What the task asks:
Below is a listing. Return the lines from the one that contains "body of water, cold, ice, Arctic, by" to the one that contains "LOUIS VUITTON Monogram", both ends included, verbatim and with no pictures.

Given entries:
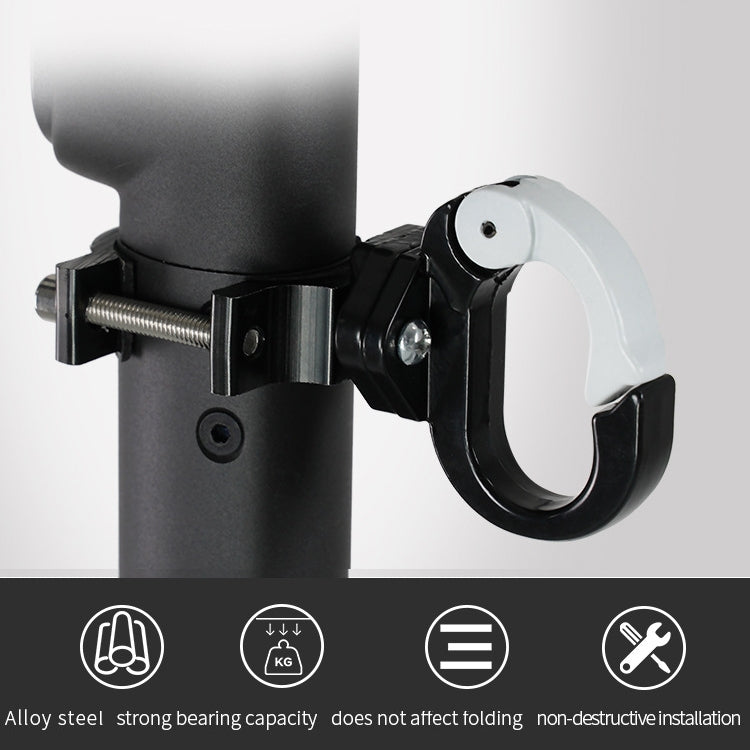 For Ninebot MAX G30 Scooter Accessories Aluminum Alloy Hook Rod Hook, Specification: Double Hook (Blue Black) - Accessories & Parts by PMC TechLife | Online Shopping South Africa | PMC TechLife | Buy Now Pay Later Mobicred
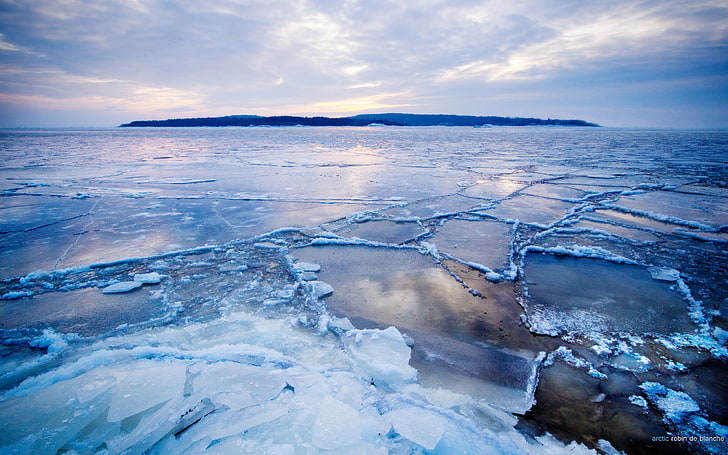 body of water, cold, ice, Arctic, by Robin De Blanche, HD wallpaper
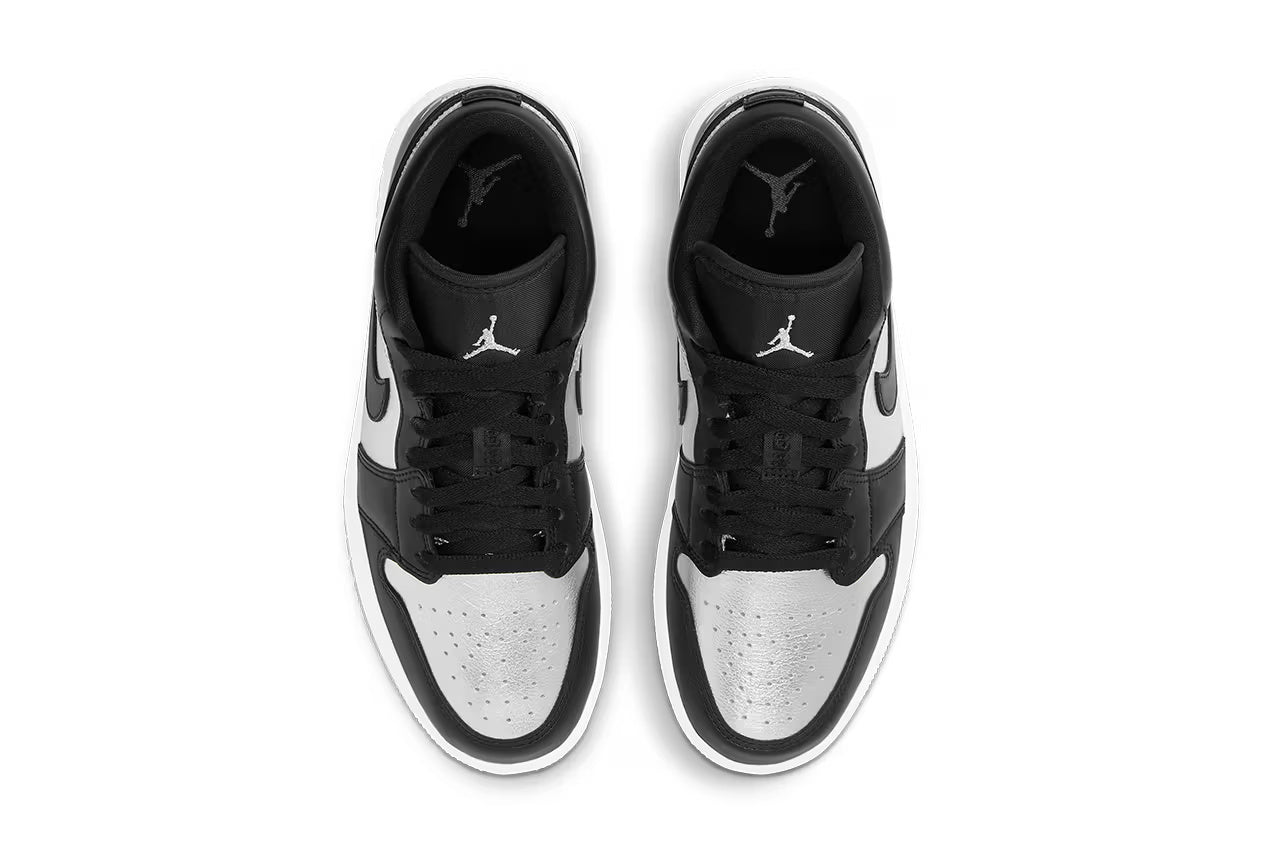 Air Jordan 1 Low SE Black Metallic Silver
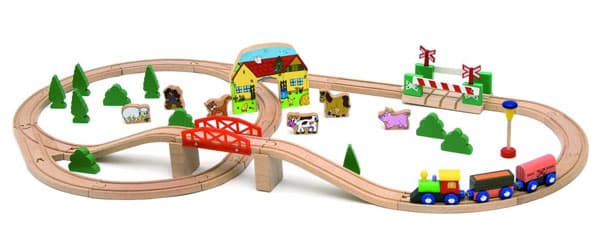 WoodyLand Veseli Vozić Sa Prugom 93016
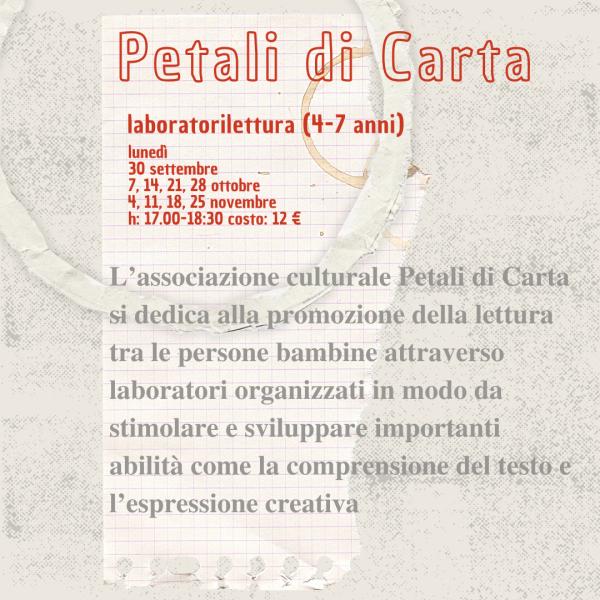 Laboratorio di promozione alla lettura e alla lettura ad alta voce dai 4 ai 7 anni
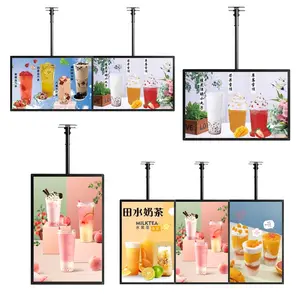 Khung LED hộp đèn chiếu sáng hiển thị áp phích LED Backlit Bảng menu màn hình cho nhà hàng quán cà phê cửa hàng tường biển quảng cáo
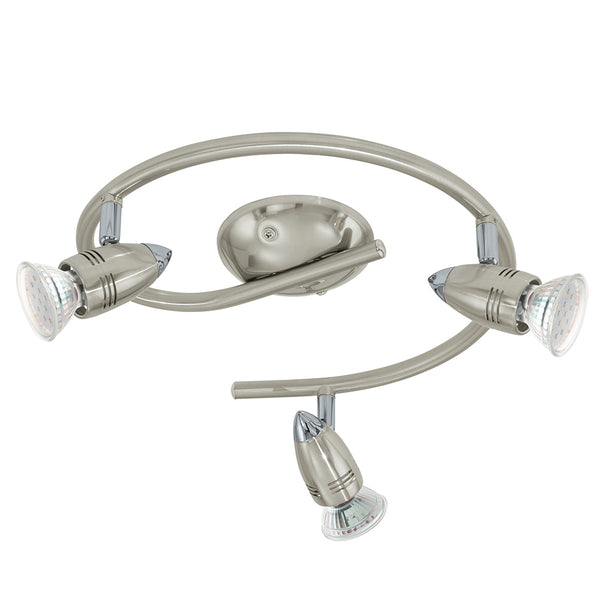 Plafonnier Magnum nickel satiné, H 29,5 cm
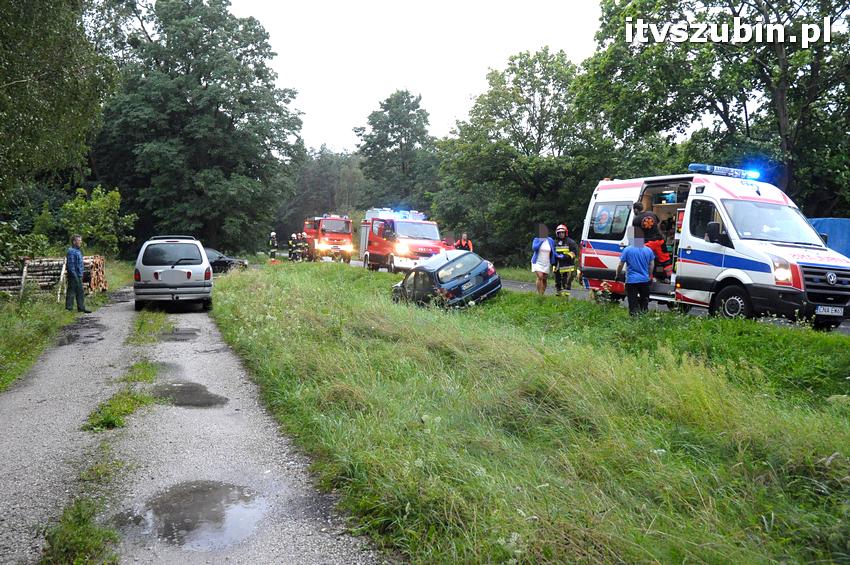 Kolizja dwóch osobówek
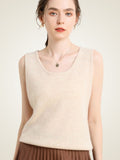 LanlyCashmere Women’s Cashmere Tank Top – Lightweight Sleeveless Knit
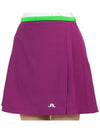 Women's Sierra Golf Pleated Skirt Green Purple - J.LINDEBERG - BALAAN 9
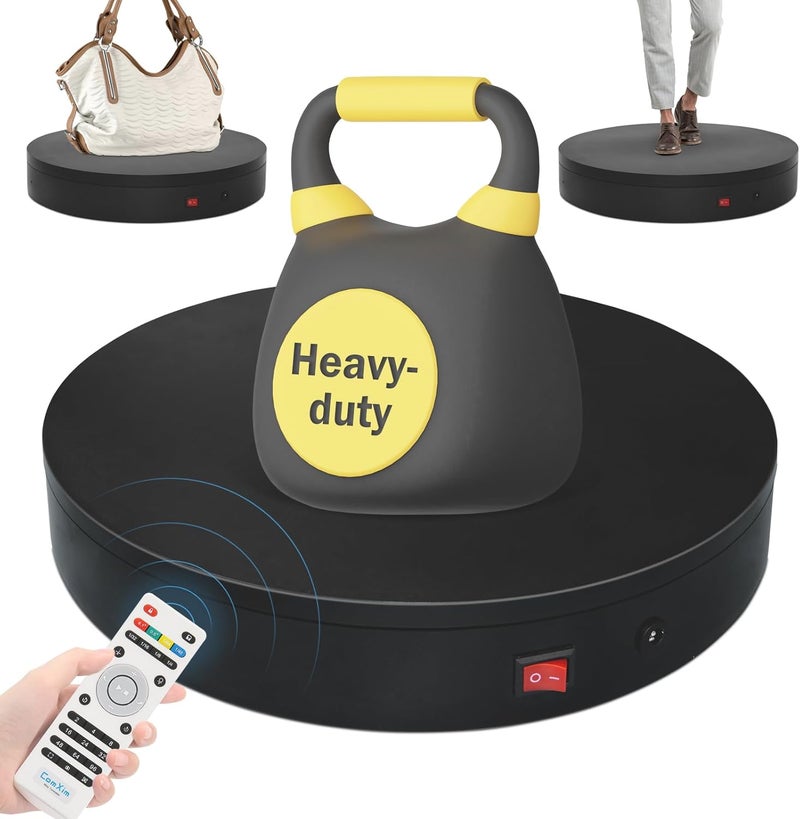 ComXim 15.8In Remote Motorized Electric Turntable Rotating Display Stand Rotating Platform Photography Turntable motorized lazy susan base giratoria para for Photography,3D Scanner,(Load Range:132~400lbs) - Image 1
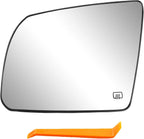 Driver Side Power Heated Mirror Glass for Toyota Tundra Sequoia (2007–2020) TO1324107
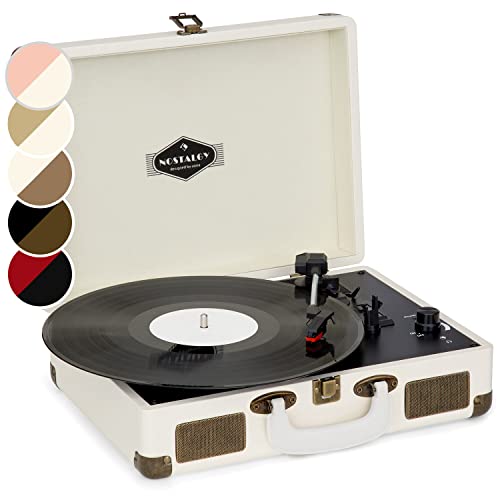 Auna Plattenspieler für Schallplatten, USB Plattenspieler mit Lautsprecher, Schallplattenspieler im Retro-Design, Audio Record Player, Moderner Vinyl Player, Leistungsstarker Plattenspieler Turntable Auna Plattenspieler für Schallplatten, USB Plattenspieler mit Lautsprecher, Schallplattenspieler im Retro-Design, Audio Record Player, Moderner Vinyl Player, Leistungsstarker Plattenspieler Turntable von auna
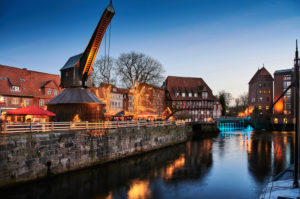City view, Lüneburg, old town, water district, landmark, illuminated, old crane, at the Stintmarkt, at the fish market, Christmas, Christmas market, night shot, City view, Lüneburg, old town, water district, landmark, illuminated, old crane, at the Stintmarkt, at the fish market, Christmas, Christmas market, night shot,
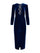 Jinx C Dress in Navy Stars Embroidery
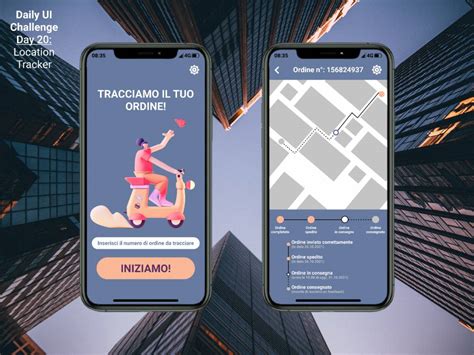 Figma Location Tracker App Template UI4Free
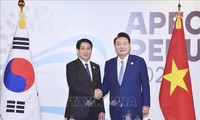 Presidente de Vietnam se reúne con el Presidente de la República de Corea en el marco del APEC 2024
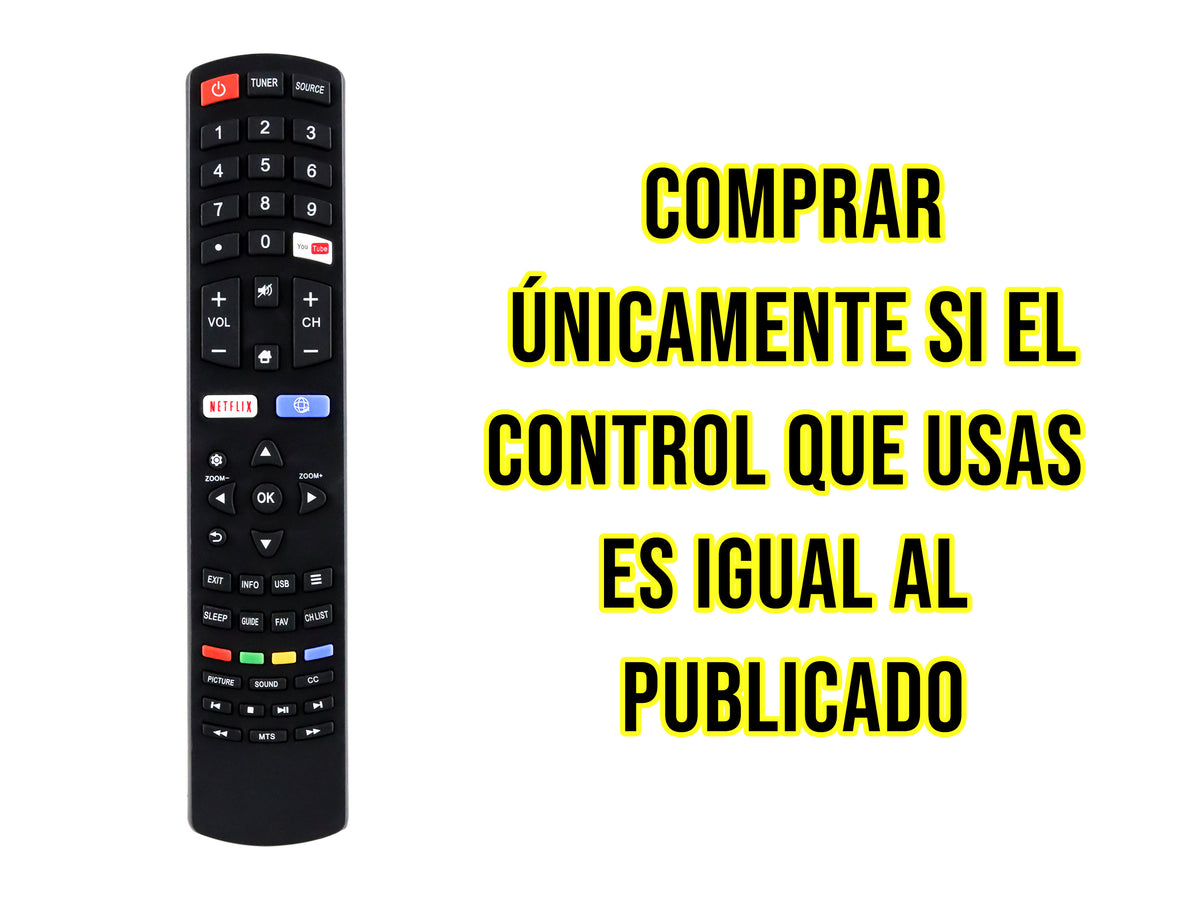 Control Para JVC Pantalla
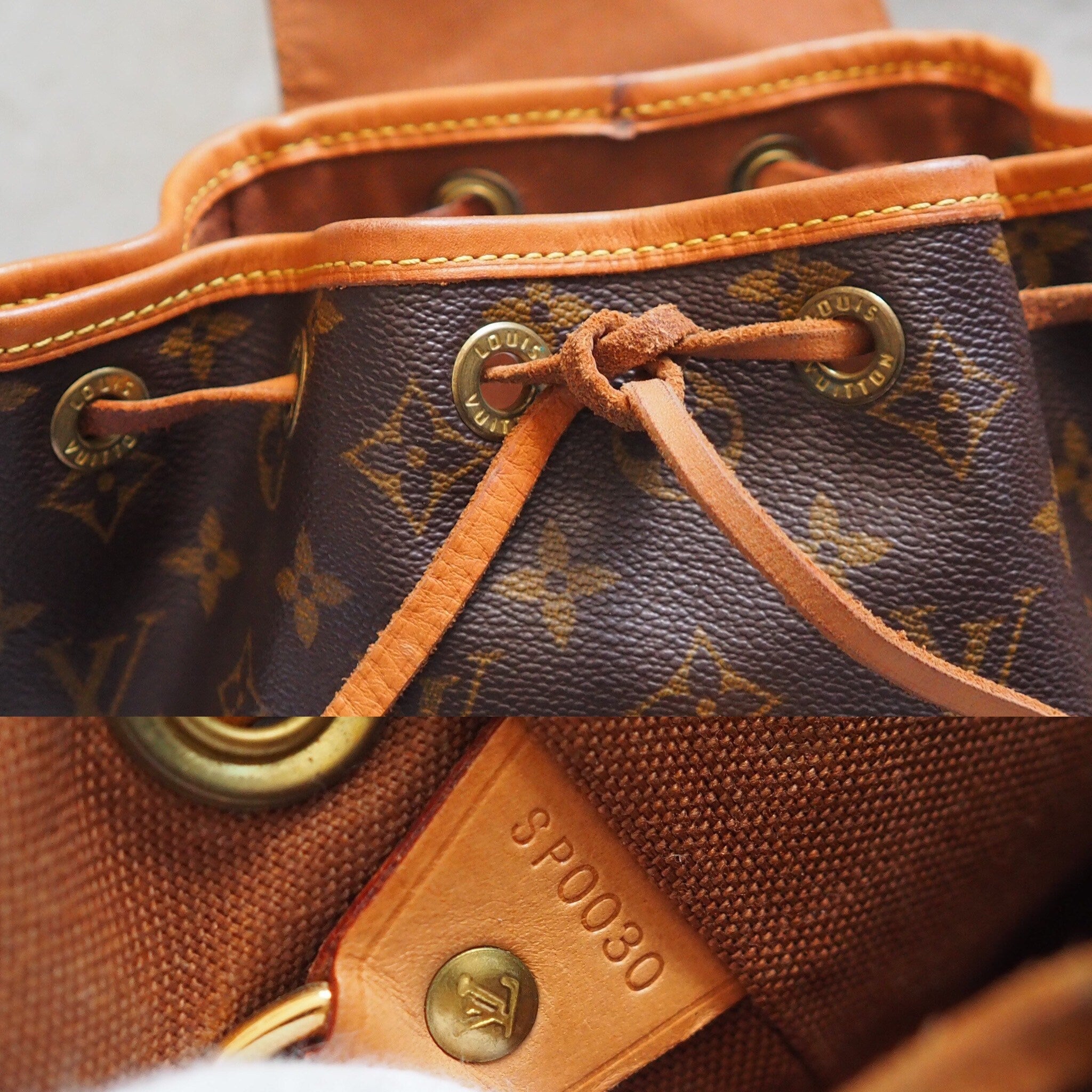 LOUIS VUITTON Monogram Mini Montsouris PM Backpack Vintage Authentic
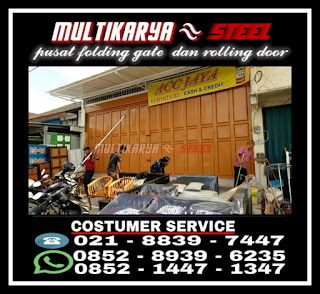 Gambar CV,Multikaryasteel Pusat informasi Terkini 2021 tentang daftar harga murah jual beli per meter persegi M2 Terkirim Terpasang Produk Pintu Rolling Door One sheet slat daun bahan galvalum bluescope solid semi full perforated lubang lubang harga rolling door slat dan rolling door industri otomatis harga Paling murah untuk wilayah Terdekat SEPERTI : Cengkareng pluit grogol tomang rawabuaya rawabelong kapuk muaraangke kedaung jelambar tanjungduren kalideres glodok tamansari tambora jembatanlima durikosambi kalijodo jembatanbesi kamal tegalalur pegadungan krukut palmerah kebonjeruk kembangan dan wilayah jakarta barat lainnya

Result below:
 body of water, cold, ice, Arctic, by Robin De Blanche, HD wallpaper
 Air Jordan 1 Low SE Black Metallic Silver
 WoodyLand Veseli Vozić Sa Prugom 93016
 Laboratorio di promozione alla lettura e alla lettura ad alta voce dai 4 ai 7 anni
 Khung LED hộp đèn chiếu sáng hiển thị áp phích LED Backlit Bảng menu màn hình cho nhà hàng quán cà phê cửa hàng tường biển quảng cáo
 Plafonnier Magnum nickel satiné, H 29,5 cm
 Kolizja dwóch osobówek
 LanlyCashmere Women’s Cashmere Tank Top – Lightweight Sleeveless Knit
 Women's Sierra Golf Pleated Skirt Green Purple - J.LINDEBERG - BALAAN 9
 ComXim 15.8In Remote Motorized Electric Turntable Rotating Display Stand Rotating Platform Photography Turntable motorized lazy susan base giratoria para for Photography,3D Scanner,(Load Range:132~400lbs) - Image 1
 Driver Side Power Heated Mirror Glass for Toyota Tundra Sequoia (2007–2020) TO1324107
 Auna Plattenspieler für Schallplatten, USB Plattenspieler mit Lautsprecher, Schallplattenspieler im Retro-Design, Audio Record Player, Moderner Vinyl Player, Leistungsstarker Plattenspieler Turntable Auna Plattenspieler für Schallplatten, USB Plattenspieler mit Lautsprecher, Schallplattenspieler im Retro-Design, Audio Record Player, Moderner Vinyl Player, Leistungsstarker Plattenspieler Turntable von auna
City view, Lüneburg, old town, water district, landmark, illuminated, old crane, at the Stintmarkt, at the fish market, Christmas, Christmas market, night shot, City view, Lüneburg, old town, water district, landmark, illuminated, old crane, at the Stintmarkt, at the fish market, Christmas, Christmas market, night shot,
 Jinx C Dress in Navy Stars Embroidery
 Figma Location Tracker App Template UI4Free
 Presidente de Vietnam se reúne con el Presidente de la República de Corea en el marco del APEC 2024
 Control Para JVC Pantalla
 LOUIS VUITTON Monogram Mini Montsouris PM Backpack Vintage Authentic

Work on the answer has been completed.